Publicado em: 14/11/2013 |

Primeiro capítulo do livro “Ensaio aberto para um homem indignado”, de Djalma Limongi Batista para a Coleção Aplauso da Imprensa Oficial do Estado de São Paulo, de 2008 (Leia a obra, na íntegra)

 

Capítulo I

Persona & Labirinto de Um Homem Indignado 

 

Sou um ator de teatro eternamente à procura de um personagem cinematográfico que nunca chegou. E, enquanto Godot não chega, se distrai e ganha a vida com alguns maravilhosos personagens que o teatro ainda oferece. 
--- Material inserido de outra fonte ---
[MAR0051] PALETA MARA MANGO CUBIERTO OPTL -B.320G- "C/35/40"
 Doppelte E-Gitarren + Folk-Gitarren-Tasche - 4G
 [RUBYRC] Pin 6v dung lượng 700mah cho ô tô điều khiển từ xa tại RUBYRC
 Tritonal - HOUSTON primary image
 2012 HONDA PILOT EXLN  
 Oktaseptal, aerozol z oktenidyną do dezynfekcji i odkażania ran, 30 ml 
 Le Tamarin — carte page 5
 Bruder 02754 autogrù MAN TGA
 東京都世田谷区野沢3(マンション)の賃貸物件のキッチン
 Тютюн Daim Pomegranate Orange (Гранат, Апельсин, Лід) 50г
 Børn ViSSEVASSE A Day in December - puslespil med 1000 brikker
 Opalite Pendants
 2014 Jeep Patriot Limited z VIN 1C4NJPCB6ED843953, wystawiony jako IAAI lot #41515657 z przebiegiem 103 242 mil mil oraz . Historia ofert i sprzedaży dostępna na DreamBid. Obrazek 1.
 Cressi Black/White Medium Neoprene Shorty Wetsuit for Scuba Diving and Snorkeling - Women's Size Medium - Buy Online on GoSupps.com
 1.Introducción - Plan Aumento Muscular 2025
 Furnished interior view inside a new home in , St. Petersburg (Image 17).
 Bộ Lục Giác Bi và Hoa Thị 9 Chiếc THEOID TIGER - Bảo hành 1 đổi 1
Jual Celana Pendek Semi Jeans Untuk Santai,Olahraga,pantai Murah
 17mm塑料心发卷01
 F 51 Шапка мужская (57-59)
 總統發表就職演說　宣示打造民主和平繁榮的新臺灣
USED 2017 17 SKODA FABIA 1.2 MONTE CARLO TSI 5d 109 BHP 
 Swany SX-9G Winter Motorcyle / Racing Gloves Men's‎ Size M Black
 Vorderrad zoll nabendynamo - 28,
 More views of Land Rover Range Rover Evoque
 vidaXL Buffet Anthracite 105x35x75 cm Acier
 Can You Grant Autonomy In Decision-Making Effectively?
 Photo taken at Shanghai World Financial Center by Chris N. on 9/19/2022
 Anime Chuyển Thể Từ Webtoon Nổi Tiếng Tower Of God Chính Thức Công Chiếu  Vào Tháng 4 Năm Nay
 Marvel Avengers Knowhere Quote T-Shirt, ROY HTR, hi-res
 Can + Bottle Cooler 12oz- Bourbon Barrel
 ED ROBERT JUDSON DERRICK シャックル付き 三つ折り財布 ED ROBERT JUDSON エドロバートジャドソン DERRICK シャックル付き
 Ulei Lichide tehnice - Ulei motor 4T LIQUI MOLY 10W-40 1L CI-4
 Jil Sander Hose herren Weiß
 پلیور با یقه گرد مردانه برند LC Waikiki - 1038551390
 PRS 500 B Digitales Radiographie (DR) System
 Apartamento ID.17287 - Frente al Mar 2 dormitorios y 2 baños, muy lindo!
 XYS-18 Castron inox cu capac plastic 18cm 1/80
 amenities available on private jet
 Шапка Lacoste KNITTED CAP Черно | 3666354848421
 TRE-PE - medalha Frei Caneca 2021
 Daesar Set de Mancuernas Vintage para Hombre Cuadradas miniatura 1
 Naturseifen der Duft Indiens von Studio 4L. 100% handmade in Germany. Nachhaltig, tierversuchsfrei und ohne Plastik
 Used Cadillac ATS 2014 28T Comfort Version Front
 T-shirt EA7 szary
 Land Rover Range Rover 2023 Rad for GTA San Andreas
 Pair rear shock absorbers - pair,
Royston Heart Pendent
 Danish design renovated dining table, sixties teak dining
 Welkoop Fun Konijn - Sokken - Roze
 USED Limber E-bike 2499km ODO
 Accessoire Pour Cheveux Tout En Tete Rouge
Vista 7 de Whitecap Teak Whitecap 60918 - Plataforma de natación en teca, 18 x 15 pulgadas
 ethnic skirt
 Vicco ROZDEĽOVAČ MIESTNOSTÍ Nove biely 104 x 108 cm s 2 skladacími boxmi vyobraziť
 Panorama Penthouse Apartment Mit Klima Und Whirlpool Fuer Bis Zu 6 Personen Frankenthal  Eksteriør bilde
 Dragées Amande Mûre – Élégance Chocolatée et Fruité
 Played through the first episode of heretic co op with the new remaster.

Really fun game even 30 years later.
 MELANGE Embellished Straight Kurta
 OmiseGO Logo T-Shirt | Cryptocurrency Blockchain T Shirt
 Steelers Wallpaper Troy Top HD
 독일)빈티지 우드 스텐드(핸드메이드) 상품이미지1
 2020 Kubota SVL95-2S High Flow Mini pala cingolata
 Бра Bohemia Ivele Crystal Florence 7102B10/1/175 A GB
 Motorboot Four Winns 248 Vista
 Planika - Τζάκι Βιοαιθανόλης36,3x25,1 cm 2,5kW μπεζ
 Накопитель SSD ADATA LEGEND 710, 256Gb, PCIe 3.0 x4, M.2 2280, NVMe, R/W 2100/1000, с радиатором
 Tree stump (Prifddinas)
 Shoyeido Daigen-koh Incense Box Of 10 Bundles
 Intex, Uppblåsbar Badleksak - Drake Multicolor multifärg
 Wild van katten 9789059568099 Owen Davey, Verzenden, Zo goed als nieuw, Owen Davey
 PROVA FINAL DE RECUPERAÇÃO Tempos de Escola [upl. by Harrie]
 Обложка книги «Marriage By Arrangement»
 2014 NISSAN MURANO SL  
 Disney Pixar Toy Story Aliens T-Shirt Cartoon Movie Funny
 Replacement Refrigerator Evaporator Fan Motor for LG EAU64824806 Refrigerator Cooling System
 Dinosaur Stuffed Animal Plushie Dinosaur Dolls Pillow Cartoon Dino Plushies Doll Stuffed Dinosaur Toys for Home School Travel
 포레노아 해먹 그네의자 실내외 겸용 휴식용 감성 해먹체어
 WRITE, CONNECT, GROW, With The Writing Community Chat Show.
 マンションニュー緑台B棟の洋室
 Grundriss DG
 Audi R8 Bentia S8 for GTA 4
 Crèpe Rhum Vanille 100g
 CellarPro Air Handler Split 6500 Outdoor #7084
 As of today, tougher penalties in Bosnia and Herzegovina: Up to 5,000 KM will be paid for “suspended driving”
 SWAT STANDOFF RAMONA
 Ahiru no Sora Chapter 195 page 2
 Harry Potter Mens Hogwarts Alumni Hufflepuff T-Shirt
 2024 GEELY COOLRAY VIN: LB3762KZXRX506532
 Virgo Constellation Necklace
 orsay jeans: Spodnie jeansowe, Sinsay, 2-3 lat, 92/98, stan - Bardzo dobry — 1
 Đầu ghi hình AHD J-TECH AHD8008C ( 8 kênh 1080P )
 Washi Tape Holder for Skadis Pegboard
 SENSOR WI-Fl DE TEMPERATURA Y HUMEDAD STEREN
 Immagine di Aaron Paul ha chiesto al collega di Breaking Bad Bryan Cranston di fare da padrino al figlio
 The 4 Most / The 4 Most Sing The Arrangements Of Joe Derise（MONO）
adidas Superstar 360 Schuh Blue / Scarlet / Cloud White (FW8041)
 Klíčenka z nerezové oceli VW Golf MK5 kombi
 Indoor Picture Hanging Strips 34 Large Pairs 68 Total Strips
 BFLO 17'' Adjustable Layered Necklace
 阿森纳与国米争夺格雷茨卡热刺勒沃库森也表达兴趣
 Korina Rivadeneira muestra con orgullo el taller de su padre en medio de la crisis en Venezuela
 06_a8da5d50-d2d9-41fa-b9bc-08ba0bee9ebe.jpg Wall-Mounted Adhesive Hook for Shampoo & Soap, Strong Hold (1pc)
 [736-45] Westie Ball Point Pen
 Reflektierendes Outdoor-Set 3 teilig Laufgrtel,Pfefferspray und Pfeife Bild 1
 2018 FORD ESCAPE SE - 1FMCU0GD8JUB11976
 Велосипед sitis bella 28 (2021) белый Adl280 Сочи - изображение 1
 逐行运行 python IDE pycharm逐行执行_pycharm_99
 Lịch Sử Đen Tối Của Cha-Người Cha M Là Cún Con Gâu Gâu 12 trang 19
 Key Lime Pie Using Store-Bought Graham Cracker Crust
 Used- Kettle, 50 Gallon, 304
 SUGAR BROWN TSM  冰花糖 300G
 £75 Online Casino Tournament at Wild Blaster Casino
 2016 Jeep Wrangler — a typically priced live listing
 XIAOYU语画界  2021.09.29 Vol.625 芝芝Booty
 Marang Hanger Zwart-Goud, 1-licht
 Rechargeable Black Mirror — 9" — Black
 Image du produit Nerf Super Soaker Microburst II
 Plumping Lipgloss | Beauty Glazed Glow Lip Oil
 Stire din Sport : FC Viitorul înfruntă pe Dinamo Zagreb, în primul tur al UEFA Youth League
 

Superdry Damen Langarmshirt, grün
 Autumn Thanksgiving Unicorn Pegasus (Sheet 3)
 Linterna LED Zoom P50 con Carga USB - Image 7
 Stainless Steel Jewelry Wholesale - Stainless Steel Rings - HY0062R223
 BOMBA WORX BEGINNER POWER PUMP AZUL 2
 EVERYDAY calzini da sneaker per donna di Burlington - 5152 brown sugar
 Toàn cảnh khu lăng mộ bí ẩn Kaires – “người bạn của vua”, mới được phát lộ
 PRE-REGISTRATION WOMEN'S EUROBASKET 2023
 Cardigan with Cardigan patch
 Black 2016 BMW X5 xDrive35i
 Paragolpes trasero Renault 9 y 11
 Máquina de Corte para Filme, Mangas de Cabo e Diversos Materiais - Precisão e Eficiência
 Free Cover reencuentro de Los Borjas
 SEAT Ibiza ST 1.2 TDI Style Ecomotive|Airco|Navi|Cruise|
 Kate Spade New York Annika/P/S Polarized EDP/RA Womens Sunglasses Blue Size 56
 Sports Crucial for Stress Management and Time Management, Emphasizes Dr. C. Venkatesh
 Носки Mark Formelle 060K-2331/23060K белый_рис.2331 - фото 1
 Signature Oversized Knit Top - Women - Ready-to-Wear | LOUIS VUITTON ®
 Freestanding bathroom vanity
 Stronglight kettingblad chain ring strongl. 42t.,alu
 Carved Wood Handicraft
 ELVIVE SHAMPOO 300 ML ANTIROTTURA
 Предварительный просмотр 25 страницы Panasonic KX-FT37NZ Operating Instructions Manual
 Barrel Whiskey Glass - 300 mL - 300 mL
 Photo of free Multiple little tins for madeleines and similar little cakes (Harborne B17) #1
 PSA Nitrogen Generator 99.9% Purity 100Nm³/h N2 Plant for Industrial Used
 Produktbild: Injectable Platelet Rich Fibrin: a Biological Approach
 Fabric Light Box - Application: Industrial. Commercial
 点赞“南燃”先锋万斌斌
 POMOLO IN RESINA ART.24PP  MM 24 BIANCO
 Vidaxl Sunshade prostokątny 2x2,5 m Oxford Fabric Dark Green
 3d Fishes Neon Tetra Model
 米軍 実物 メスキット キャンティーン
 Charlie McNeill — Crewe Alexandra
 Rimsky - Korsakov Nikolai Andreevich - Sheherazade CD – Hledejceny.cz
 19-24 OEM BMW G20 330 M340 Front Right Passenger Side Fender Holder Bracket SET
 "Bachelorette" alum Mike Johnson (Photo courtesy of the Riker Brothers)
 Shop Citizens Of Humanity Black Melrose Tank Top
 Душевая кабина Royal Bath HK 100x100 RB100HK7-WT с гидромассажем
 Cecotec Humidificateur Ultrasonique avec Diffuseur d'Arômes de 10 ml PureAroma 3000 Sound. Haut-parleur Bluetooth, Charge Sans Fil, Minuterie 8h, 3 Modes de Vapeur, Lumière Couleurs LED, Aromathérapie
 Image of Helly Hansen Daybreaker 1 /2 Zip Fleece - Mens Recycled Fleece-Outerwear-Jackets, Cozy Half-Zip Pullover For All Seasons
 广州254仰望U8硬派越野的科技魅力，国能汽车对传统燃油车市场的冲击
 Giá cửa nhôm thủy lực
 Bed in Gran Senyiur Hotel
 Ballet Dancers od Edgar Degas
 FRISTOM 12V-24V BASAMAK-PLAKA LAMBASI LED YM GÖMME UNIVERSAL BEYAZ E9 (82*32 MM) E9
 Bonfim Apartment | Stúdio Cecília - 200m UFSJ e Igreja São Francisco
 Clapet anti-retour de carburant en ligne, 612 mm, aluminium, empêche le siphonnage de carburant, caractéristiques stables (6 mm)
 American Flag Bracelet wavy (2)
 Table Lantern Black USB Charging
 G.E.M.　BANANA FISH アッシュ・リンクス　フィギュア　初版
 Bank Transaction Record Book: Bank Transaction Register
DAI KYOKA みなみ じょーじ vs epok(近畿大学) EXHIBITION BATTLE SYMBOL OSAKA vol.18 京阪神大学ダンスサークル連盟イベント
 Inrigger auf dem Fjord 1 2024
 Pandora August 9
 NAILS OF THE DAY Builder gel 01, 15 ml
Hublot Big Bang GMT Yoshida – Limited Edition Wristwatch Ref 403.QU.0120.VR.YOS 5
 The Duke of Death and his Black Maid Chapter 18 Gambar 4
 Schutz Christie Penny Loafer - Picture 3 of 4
(trecho de Um Homem Indignado) 

 

Um homem ensimesmado, que num meio-tom de olhar parece nos dizer que sabe tudo, do mundo, de todos. 

 

Walmor Chagas, mesmo sem o cinema, construirá uma persona que é típica do ator cinematográfico, de um cinema que tanto buscou, que não lhe foi fiel. Cercado pelo esplendor da era cinematográfica do século 20, jovem em Porto Alegre, jovem aspirante a ator em São Paulo, Walmor Chagas sabe-se ator de cinema, estrela de cinema – isto sem contar que o cinema com que sonha simplesmente jamais existiu no Brasil. 

 

Desde que surgiu em São Paulo, em 1953, Walmor Chagas consegue forjar sua persona: um tipo cara-intelectivo, capaz de transmitir através do olhar pensativo a sensação e a ideia de poder. Pode conhecer todo o presente, o passado e o futuro dos acontecimentos ao seu redor. Trata-se de um penseroso perturbador, capaz de desvendar a alma do outro e os fatos. 

 

De exprimir o indizível. 

 

Homem belo, num tempo em que isso era ainda uma raridade social e étnica no Brasil, sabe de imediato localizar e construir a identidade de seu carisma. Inteligente e culto, encontraria no auge do Teatro Brasileiro de Comédia, o lendário TBC, a transposição daquele almejado universo cinematográfico do século 20. As encenações do TBC – e não os filmes da Vera Cruz – correspondiam exatamente ao anseio de um Brasil cosmopolita, industrializado, sincronizado com a vanguarda cultural do Ocidente. 

 

Por definição, uma estrela tem sua própria identidade: uma persona cinematográfica perfeitamente identificável. Que está intrinsecamente presente durante e para além de um filme particular em que atua. Por cinco décadas de carreira – para resumir no mínimo – brilhante, Walmor Chagas pairou sua filme-persona, estelar, acima de todos – mesmo sem o cinema… 

 

Walmor Chagas cria uma persona tão racional quanto angustiada. E, justamente porque este introspectivo e meditativo homem-intelecto desvenda o destino – é destino seu que se afaste do mundo. Compreende todas as fraquezas e subjuga-as – o que faz com que despreze o cul-de-sac humano até a náusea. 

 

Persona cerebral, talentosamente colocada a serviço de encontrar todas as matizes, jamais obliterando os meio-tons, que possam expressar e revelar os personagens que encarna, Walmor Chagas só pode parecer pairar em plano de superioridade. 

 

Mete medo e exerce fascínio em cena, atraindo para si o repúdio invejoso ou o estado de veneração hipnótica.

 

Contendo as emoções, entretanto, transmite a sensação do sofrimento de sua sensibilidade aguda, da percepção do desastre do mundo, sem deixar-se nunca levar por auto-indulgência. É no olhar, como nos deuses gregos das esculturas clássicas, que Walmor Chagas revela-nos o turbilhão da alma, o labirinto. 

 

Ele é contenção e êxtase, beleza irrepreensivelmente clássica. Por isso a persona, que escolheu como ator, o coloca num patamar de modernidade só comparável ao da atriz que lhe foi cúmplice em tudo, em cena e na vida, Cacilda Becker. No Brasil, como ator, é o símbolo máximo da matriz ocidental – não só do comediante, mas da cultura que encarna. Daí sua indignação. E perenidade.